#### [ACTIVITY]
Your answer must be the exact lines below, starting with the line with "map of restaurants, bars, coffee" and going on through the line with "Slide: The Image", both included, with no pictures.

#### [THE DATA]
--
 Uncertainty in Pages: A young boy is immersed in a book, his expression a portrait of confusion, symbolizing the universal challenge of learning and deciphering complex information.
--
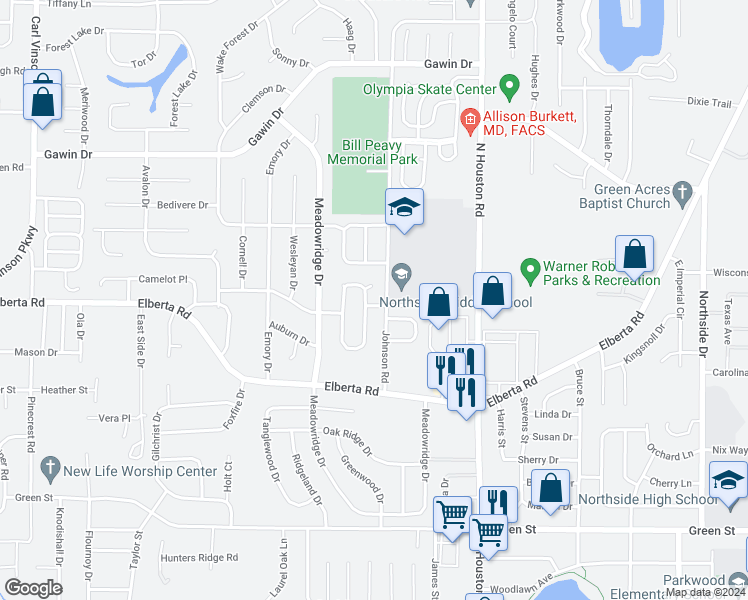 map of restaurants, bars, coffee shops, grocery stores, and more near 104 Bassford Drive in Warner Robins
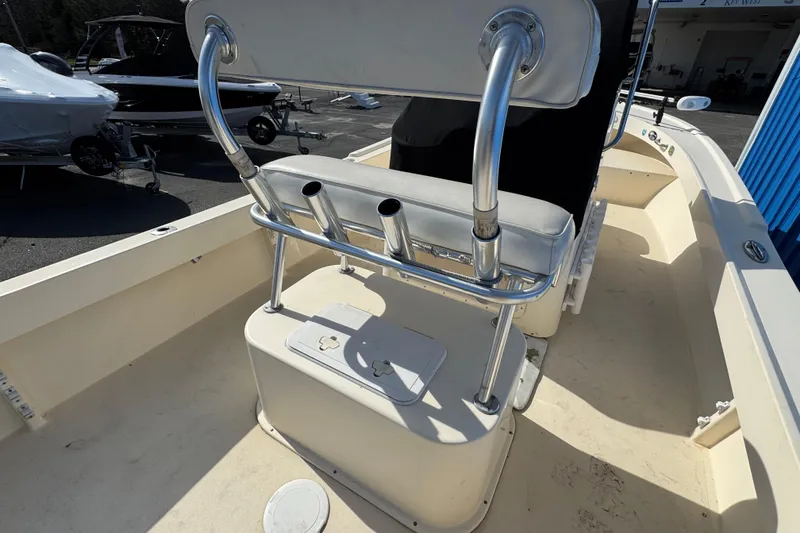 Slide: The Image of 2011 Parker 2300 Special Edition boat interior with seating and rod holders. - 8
--
#### [OUTPUT FOR THIS TASK]
 map of restaurants, bars, coffee shops, grocery stores, and more near 104 Bassford Drive in Warner Robins
 Slide: The Image of 2011 Parker 2300 Special Edition boat interior with seating and rod holders. - 8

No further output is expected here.